From mboxrd@z Thu Jan  1 00:00:00 1970
From: John Fastabend <john.fastabend@gmail.com>
Subject: Re: [PATCH net-next RESEND] net: Do not call ndo_dflt_fdb_dump if
 ndo_fdb_dump is defined.
Date: Tue, 16 Dec 2014 08:35:51 -0800
Message-ID: <54905F67.2090509@gmail.com>
References: <c6756bd161048ac4b4407e308045fe73.squirrel@poczta.wsisiz.edu.pl>    <54894850.5000603@cumulusnetworks.com>    <7968540cd0768a770b0c8b29ce41a162.squirrel@poczta.wsisiz.edu.pl>    <5489D53E.5010603@cumulusnetworks.com>    <8d4ec5c1ae73c77866a0a154fb528f23.squirrel@poczta.wsisiz.edu.pl>    <548AD781.5020004@mojatatu.com> <4c22a6c452a73b3b77a9a9c8e7f76bcc.squirrel@poczta.wsisiz.edu.pl> <548AFD41.3010801@mojatatu.com> <548B4AA4.1020804@gmail.com> <548EF05E.6050401@mojatatu.com> <548F80B2.80408@gmail.com> <54902E5E.2070405@mojatatu.com>
Mime-Version: 1.0
Content-Type: text/plain; charset=UTF-8; format=flowed
Content-Transfer-Encoding: 7bit
Cc: Hubert Sokolowski <h.sokolowski@wit.edu.pl>,
	Roopa Prabhu <roopa@cumulusnetworks.com>,
	"netdev@vger.kernel.org" <netdev@vger.kernel.org>,
	Vlad Yasevich <vyasevic@redhat.com>
To: Jamal Hadi Salim <jhs@mojatatu.com>
Return-path: <netdev-owner@vger.kernel.org>
Received: from mail-oi0-f53.google.com ([209.85.218.53]:57234 "EHLO
	mail-oi0-f53.google.com" rhost-flags-OK-OK-OK-OK) by vger.kernel.org
	with ESMTP id S1750873AbaLPQgE (ORCPT
	<rfc822;netdev@vger.kernel.org>); Tue, 16 Dec 2014 11:36:04 -0500
Received: by mail-oi0-f53.google.com with SMTP id g201so989668oib.12
        for <netdev@vger.kernel.org>; Tue, 16 Dec 2014 08:36:03 -0800 (PST)
In-Reply-To: <54902E5E.2070405@mojatatu.com>
Sender: netdev-owner@vger.kernel.org
List-ID: <netdev.vger.kernel.org>

On 12/16/2014 05:06 AM, Jamal Hadi Salim wrote:
> On 12/15/14 19:45, John Fastabend wrote:
>> On 12/15/2014 06:29 AM, Jamal Hadi Salim wrote:
>
>>
>> hmm good question.

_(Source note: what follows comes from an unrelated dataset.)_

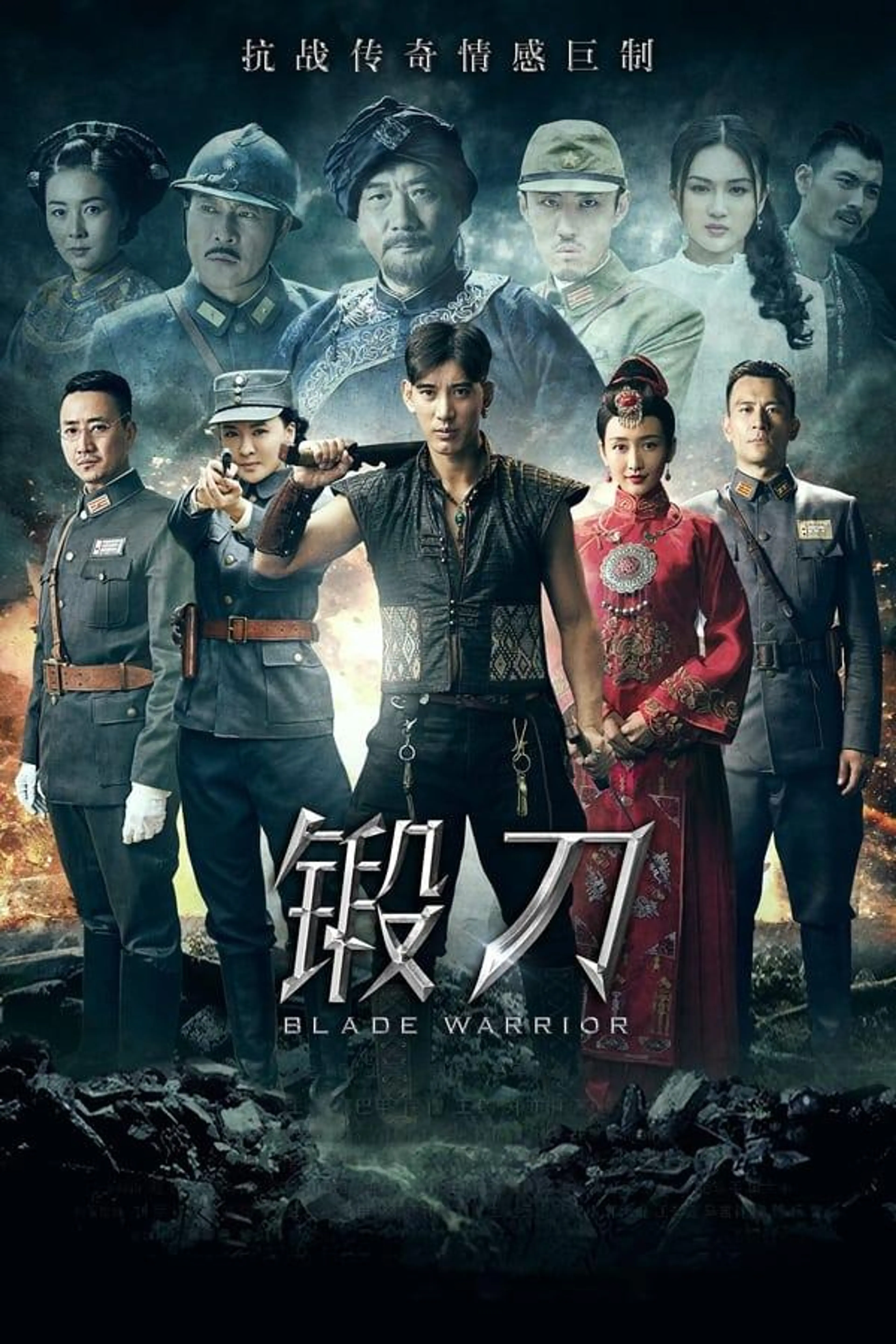锻刀 Season 1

When I implemented this on the host nics with SR-IOV,
>> VMDQ, etc. The multi/unicast addresses were propagated into the FDB by
>> the driver.
>
> So if i understand correctly, this is a NIC with an FDB. And there is no
> concept of a bridge to which it is attached. To the point of
> classical uni/multicast addresses on a netdev abstraction; these
> are typically stored in *much simpler tables* (used to be IO
> registers back in the day)

 From a model perspective it looks like a edge relay. Only a single
downlink with multiple uplinks. No learning, no loops and so no
STP, et. al. required. It may or may not support MAC+VLAN forwarding
or just MAC forwarding.

It may be configured via register writes or more complicated firmware
requests or some other mechanism. This is device dependent even across
devices by the same vendor the mechanisms change. But the driver
abstracts this.

> Do these NICs not have such a concept?
> An fdb entry has an egress port column; I have seen cases where the
> port is labeled as "Cpu port" which would mean it belongs to the host;

But in the SR-IOV case you have multiple "Cpu ports" and you want
to send packets to each of them depending on the configuration.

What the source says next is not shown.